Há momentos em que campanha no Rio transforma-se em comédia

Pedro do Coutto
É um fato: há momentos em que a campanha eleitoral no Rio de janeiro ganha características  de verdadeira comédia do cinema americano das décadas de 50 e 60, no mais puro estilo marcado pelos Irmãos Marx, que, vale lembrar, nada tem com o pensador Karl Marx. Para sustentar a afirmação que faço, é necessário apenas ler as reportagens de Carolina de Oliveira Castro, Pâmela Oliveira e Letícia Fernandes publicadas no Globo, edição de 29 passado. Vamos por partes.
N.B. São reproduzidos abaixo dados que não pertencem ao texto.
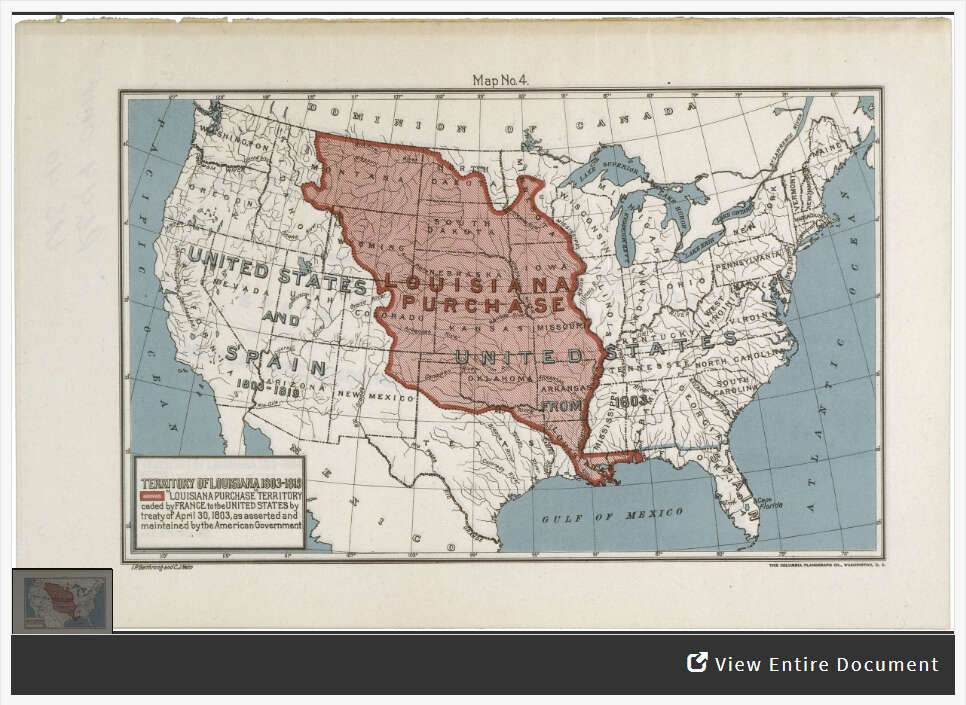 louisiana purchase worksheet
Depois da Secretaria de Segurança informar ao Tribunal Regional Eleitoral que traficantes e milicianos vêm ocupando 41 comunidades de baixa renda do Grande Rio e cobrando pedágio e aluguel para que os candidatos possam fazer investidas eleitorais nesses redutos, o governador Luiz Fernando Pezão afirmou ao próprio Globo que não se opõe ao pedido de tropas federais para garantir a liberdade de expressão no Estado. Não se opõe? Mas como, se foi uma Secretaria de sua administração que se dirigiu ao TRE? O TRE, por seu turno, dirigiu-se ao Superior Tribunal Eleitoral, que, como é de rigor e prevê a lei, vai consultar o governador. E o governador, de quem partiu na realidade a solicitação indireta, agora diz não se opor. Não se opõe ou necessita? Se não precisa do apoio federal, a consulta é desnecessária. Uma comédia.
APREENSÃO DE MATERIAL
No mesmo texto, o TRE apreendeu material de propaganda do candidato Anthony Garotinho na favela da Maré. Panfletos em grande número, remédios para serem distribuídos e formulários para o recebimento de cheques. O candidato disse à reportagem do jornal desconhecer a origem do material destinado à divulgação no local. Paralelamente, também de origem não assumida, um pedido de oração a fieis de um templo, para que Deus inspira Garotinho a governar o Rio de Janeiro. Garotinho lidera as pesquisas de intenção de votos.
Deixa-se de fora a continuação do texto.